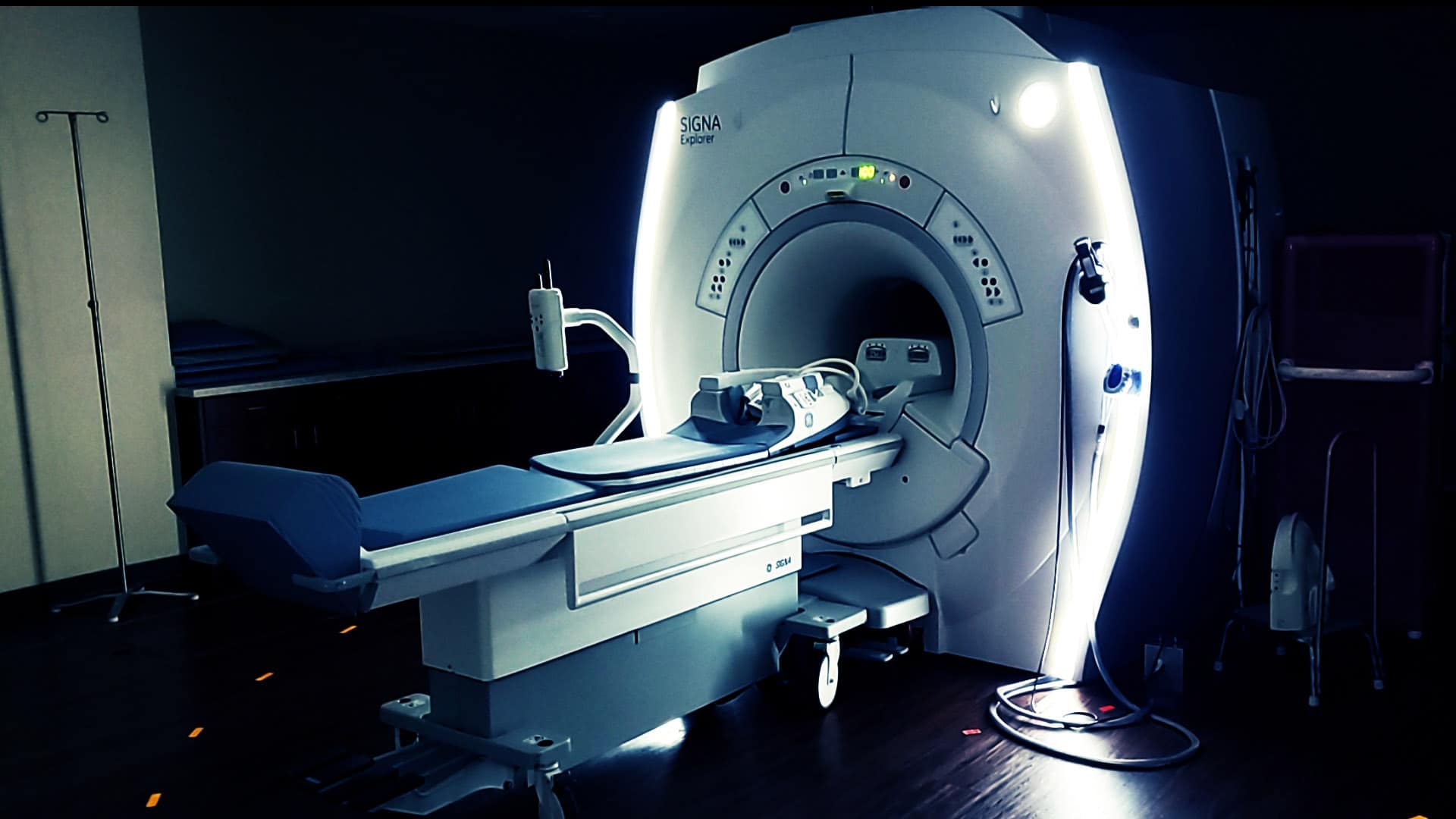 Understanding the Differences Between MRI and X-rays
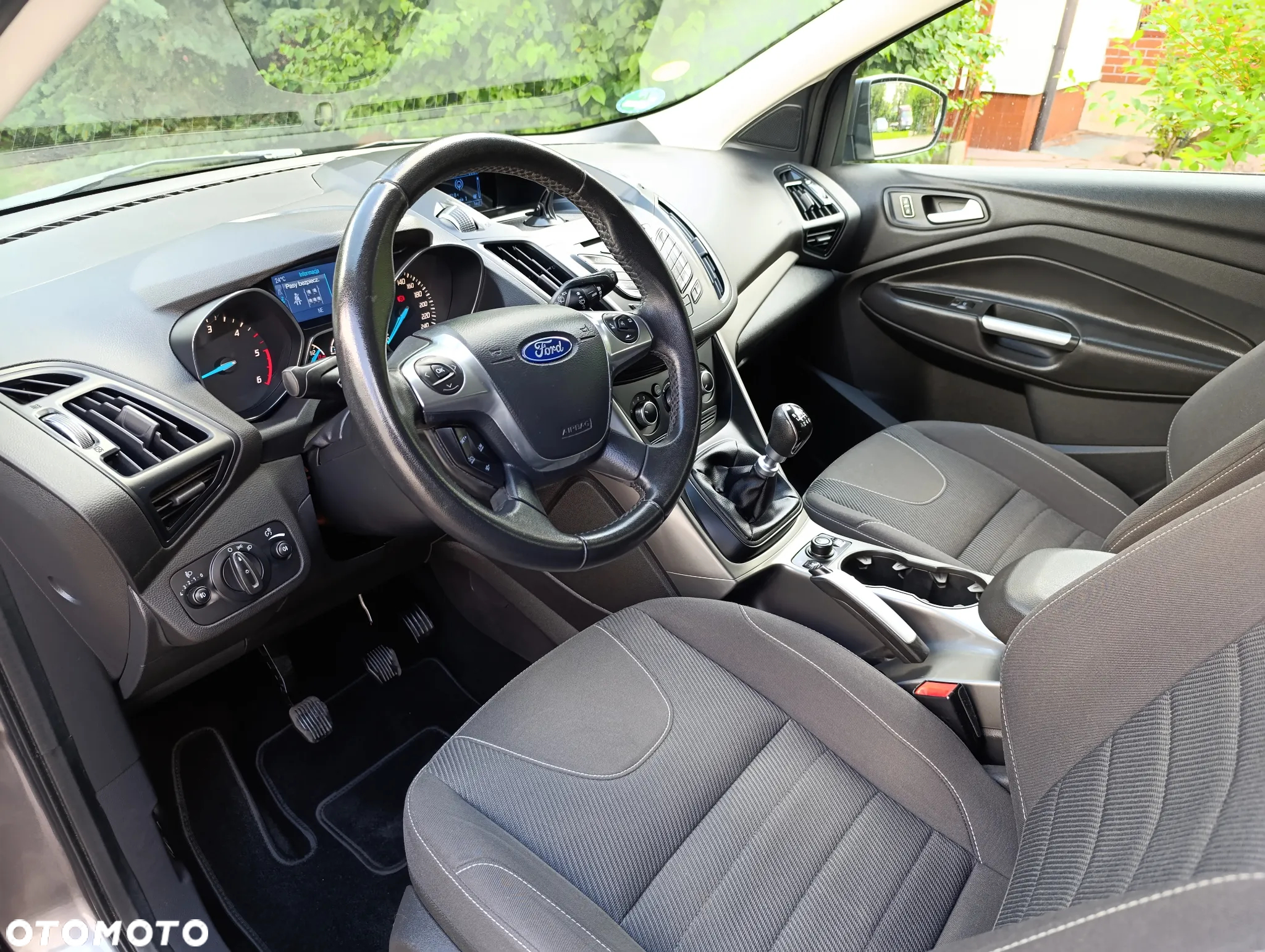 Ford Kuga 2.0 TDCi 2x4 Trend - 6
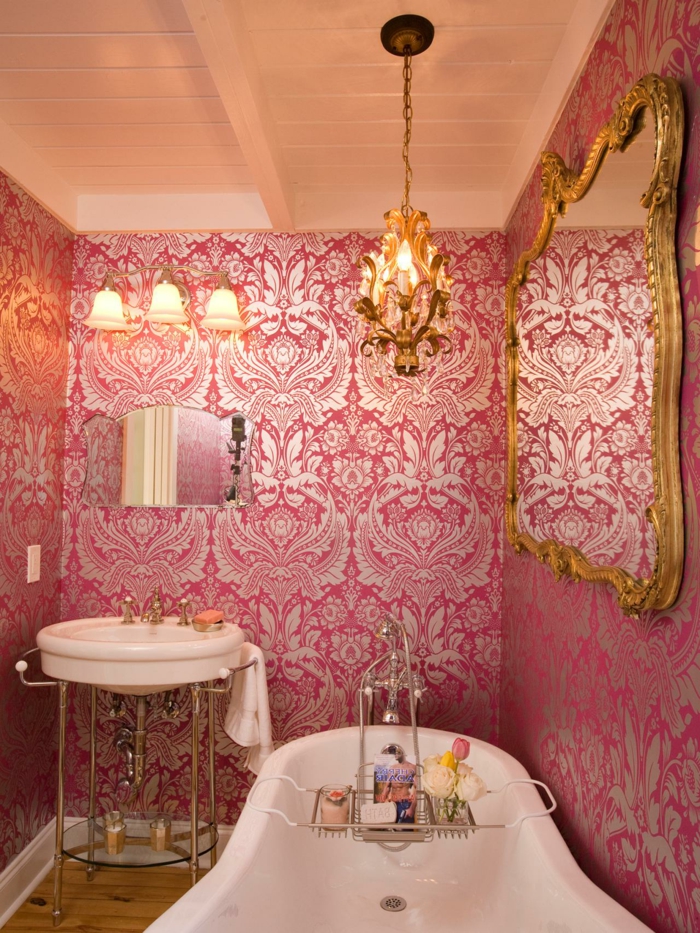 豪华浴室内的法式复古壁纸，仙客来颜色银色装饰
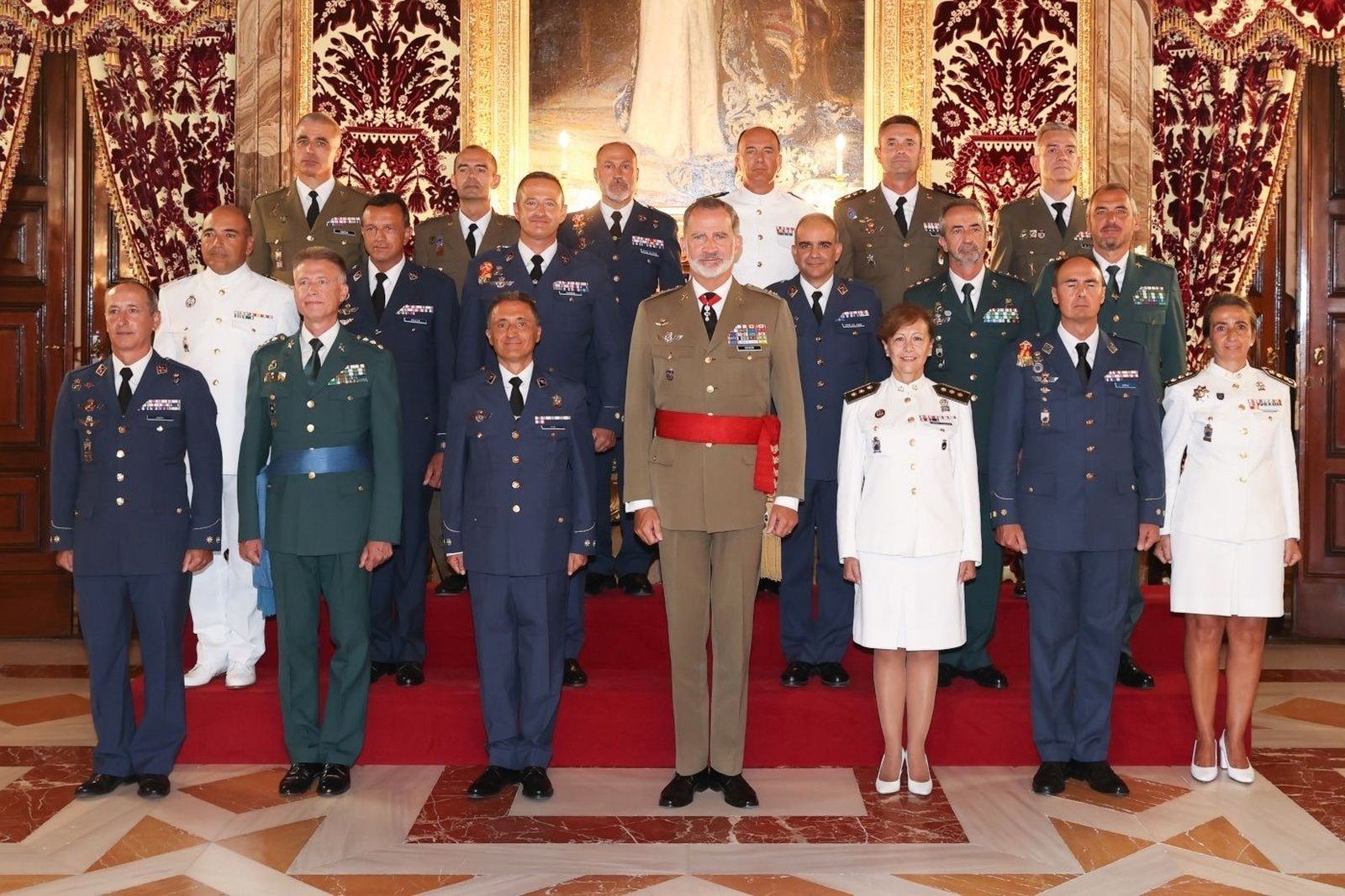 Felipe VI retoma su actividad con la recepción a un grupo de oficiales de todas las Armas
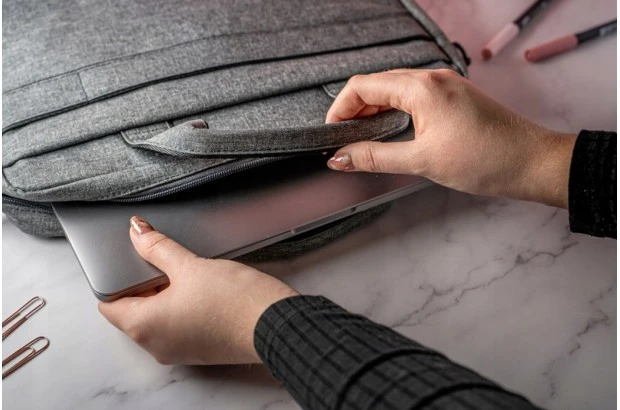 Nowoczesna ciemnoszara szara torba na etui na laptopa od 15,6" do 17"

________________

**WHAT YOU WILL DO:**
Produce the full material again verbatim, with the pictures dropped.

**EXERCISE SOLUTION:**
 Understanding the Differences Between MRI and X-rays
 Ford Kuga 2.0 TDCi 2x4 Trend - 6
 豪华浴室内的法式复古壁纸，仙客来颜色银色装饰
 Felipe VI retoma su actividad con la recepción a un grupo de oficiales de todas las Armas
 Nowoczesna ciemnoszara szara torba na etui na laptopa od 15,6" do 17"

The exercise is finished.